TASK GOAL: Leave out the pictures and output exactly the lines below from the one with "Hands peeling potatoes close" down to the one with "86561 R R Baker", both of them included.

EXERCISE DATA:
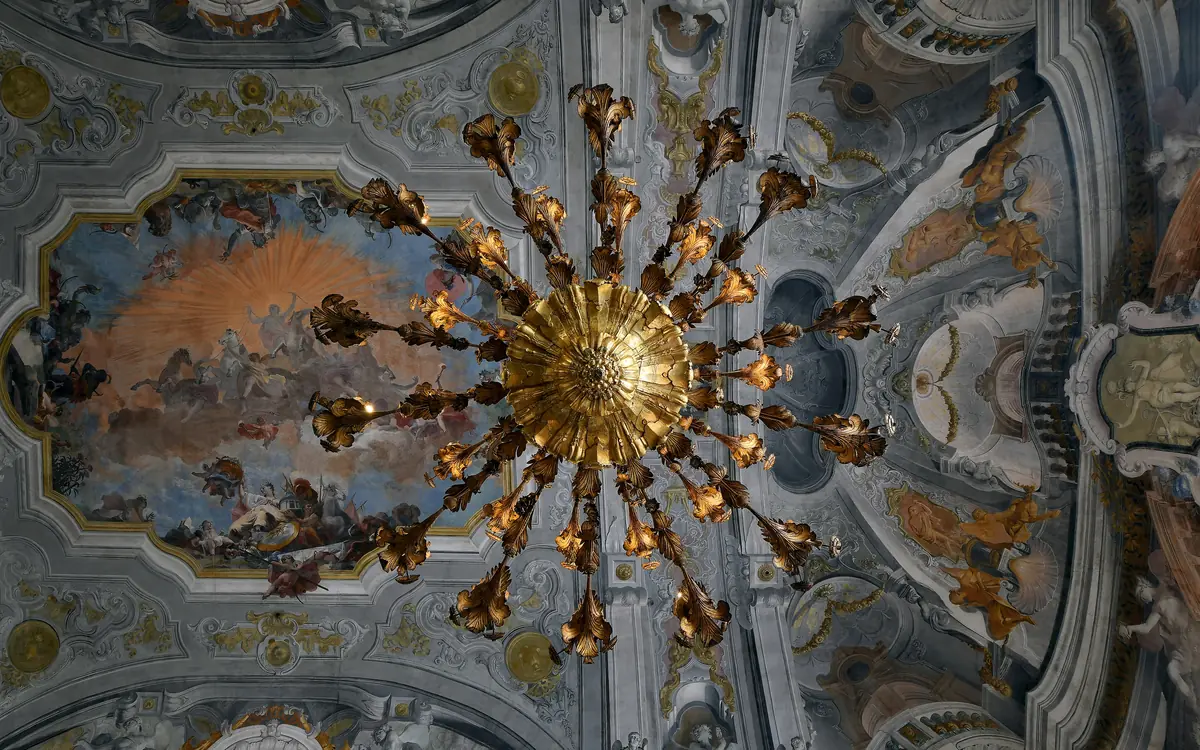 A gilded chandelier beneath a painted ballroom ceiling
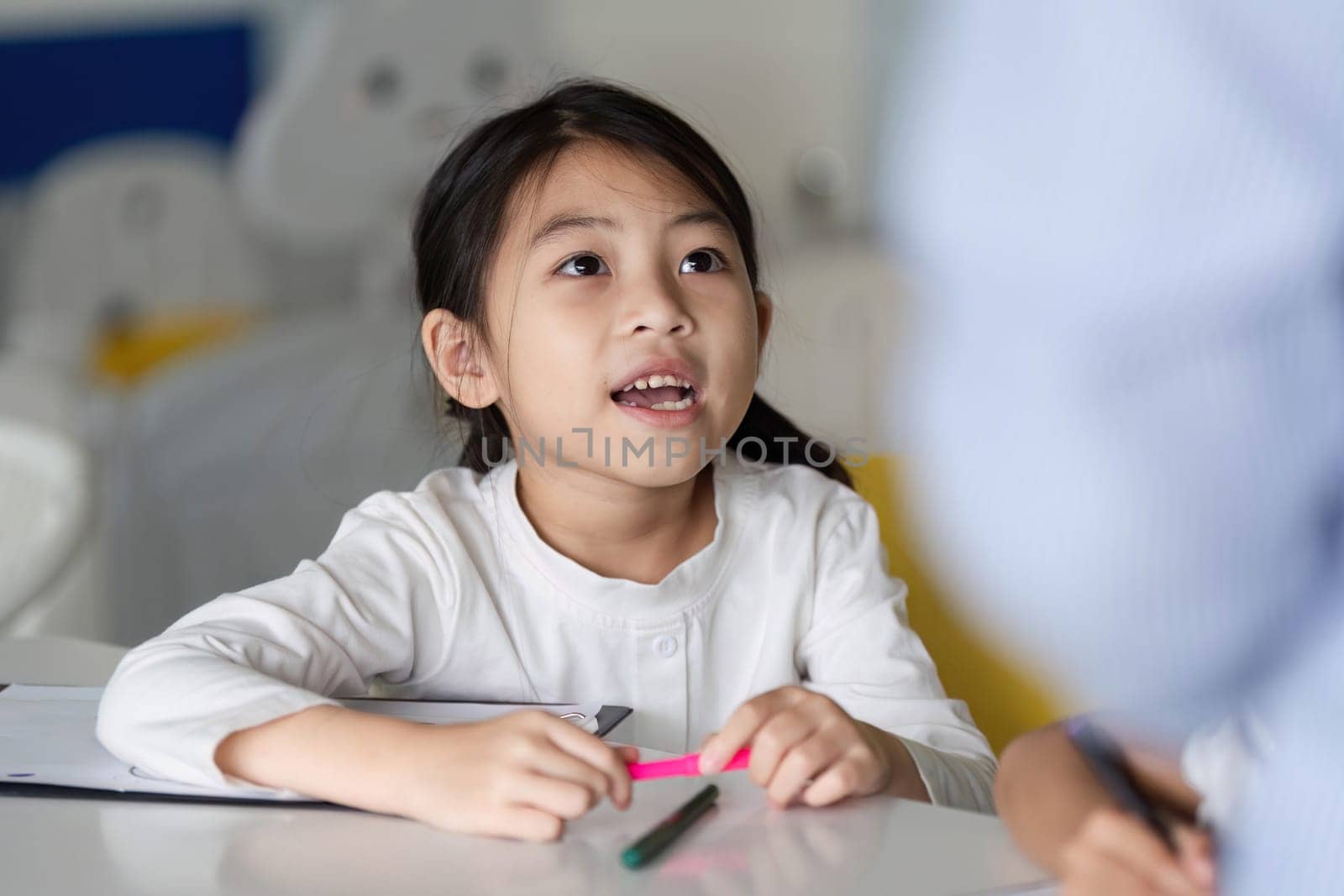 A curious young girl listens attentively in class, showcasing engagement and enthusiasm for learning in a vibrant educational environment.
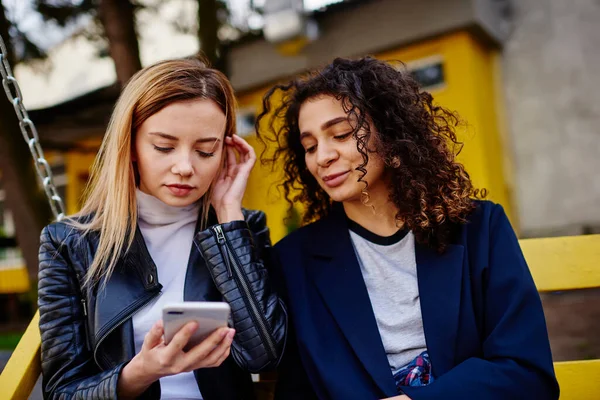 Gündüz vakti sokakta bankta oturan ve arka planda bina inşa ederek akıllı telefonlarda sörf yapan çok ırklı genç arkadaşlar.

* * *

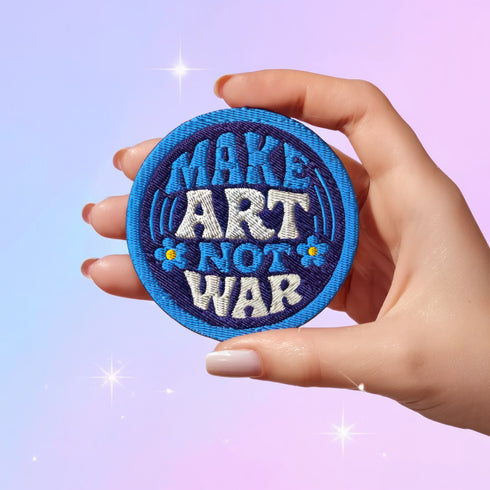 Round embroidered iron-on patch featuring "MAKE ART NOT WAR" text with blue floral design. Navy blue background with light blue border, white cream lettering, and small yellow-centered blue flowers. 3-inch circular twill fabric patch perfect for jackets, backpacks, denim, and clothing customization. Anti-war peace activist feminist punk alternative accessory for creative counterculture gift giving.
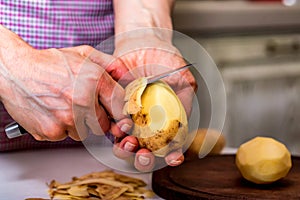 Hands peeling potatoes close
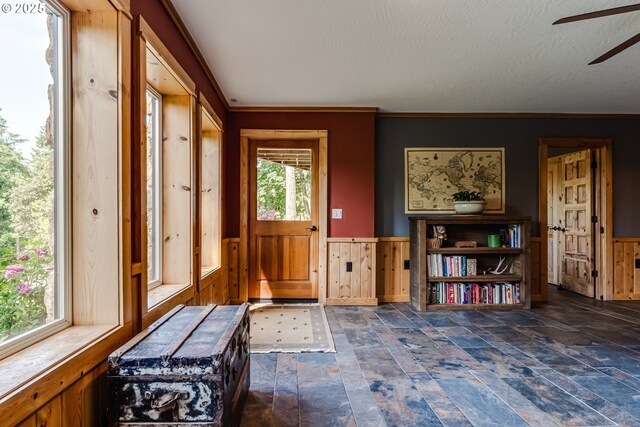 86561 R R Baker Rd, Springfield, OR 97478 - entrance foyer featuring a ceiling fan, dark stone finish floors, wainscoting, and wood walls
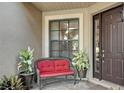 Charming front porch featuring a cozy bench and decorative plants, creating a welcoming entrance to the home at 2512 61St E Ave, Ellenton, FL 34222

OUTPUT FOR THIS TASK:
 Hands peeling potatoes close
 86561 R R Baker Rd, Springfield, OR 97478 - entrance foyer featuring a ceiling fan, dark stone finish floors, wainscoting, and wood walls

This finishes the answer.